So for the first time in my life, I actually feel compelled and/or ready to give Ulysses a go. I have had a copy for a few years, and it’s a very readable copy, just one without notes. So I have to make a decision about that: my current one is that I will see how it goes, and then as necessary I will look online for what I feel like I need to know. I am also ok with being a little awash in confusion and find anchor points wherever I can. Besides, if I enjoy the experience, I can always try it again better prepared. And so, it being about ten days before June 12th (Bloomsday, as it were), I am going to read some every day and try to finish it by or on the day in question.
Starting off: my copy begins not with a preview of the book or the writing really, but with the US court decision that lifted the ban from the publication in the US. The judge’s basic reasoning is: yes, it contains dirty words and ideas, but it’s for art, and that’s a noble purpose. But also, those who could be damaged by the words couldn’t possibly work their way to them because the book is so difficult to read, so whatever.
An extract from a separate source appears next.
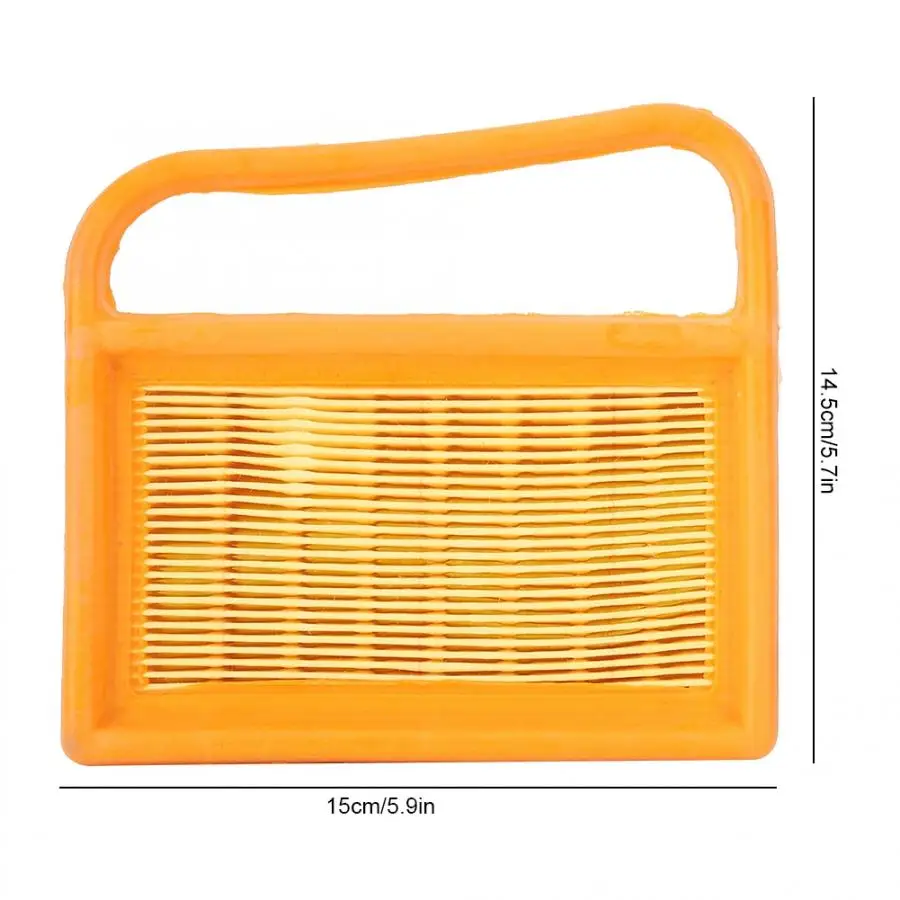 2Pcs Air Cleaner Filter Set Fit for STIHL TS410 TS420 TS410 TS420 Concrete Cutoff Saw Perfect Air Animal Pure vacuum cleaners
1/10: Then the novel begins with Stephen Dedalus and Buck Mulligan getting ready in the morning and working through their morning routine and entertaining a caller. From there, we switch over to our leads Leopold Bloom and Molly Bloom. The way I would describe the book so far in the first 75 pages (about 1/10th) is that it’s narration style in incredibly myopically focused. It’s very close in. So at the same time we’re getting the random musings that scroll through their heads, we’re also getting closeups of chewing and breathing and dirty thoughts and everything.
2/10:
This section of the book takes us out on the town as Bloom makes his way through various mundane daily errands as well as a significant event. He’s on his way to the post office when he runs into his wife’s lover, so that’s a kind of big deal…he doesn’t exactly know it, but he knows something. At the post office, he gets his own kind of love letter to sate him. Then, he makes his way to a funeral procession. As we close off, he’s in the newspaper office listening to all kinds of raucous backroom banter as he tries to place an ad.
3/10:
Off to lunch! Where among other things, the defensive local “intellectuals” argue about current and classical literature. This is a good moment to think about how this book is situated in time. In one sense, it seems absolutely timeless, as if it could have been written in the 1700s or the 1700s BCE….but it places itself squarely in the 20th century with a few references outside of itself. And yet, because it’s a “weighty classic” it still feels older than it is. It was written in my grandparents’ lifetime and so, this discussion particularly is making me think about that, as well as the novel’s very own sense of where it situates itself among the Aristotle, Shakespeare, Synge, and other writers it makes reference to. It’s that weird kind of way of how Ireland of all places feels both modern and Medieval up until the 1980s basically.
Ok, so like James Joyce, I am abandoning the format I began in order to write the review I wish to to finish up. I don’t know how I “feel” about this one, given the very fractured reading experience it gives you. It’s one that might be enticing to go back to at some point, but I don’t find it a very inviting text or one that I feel like is fun to inhabit. There’s fun moments, and there’s interesting moments, but as I said before, because I didn’t want to read three or more books as I read this one to make my way through it, this was my best go. At times, I skimmed, at times I rolled my eyes, and at times, I read carefully. But the final experiences eludes me some. I think what I would really be prepared to do now would be to read this for a class that spent a few weeks on it and required me to read it 2-3 more times.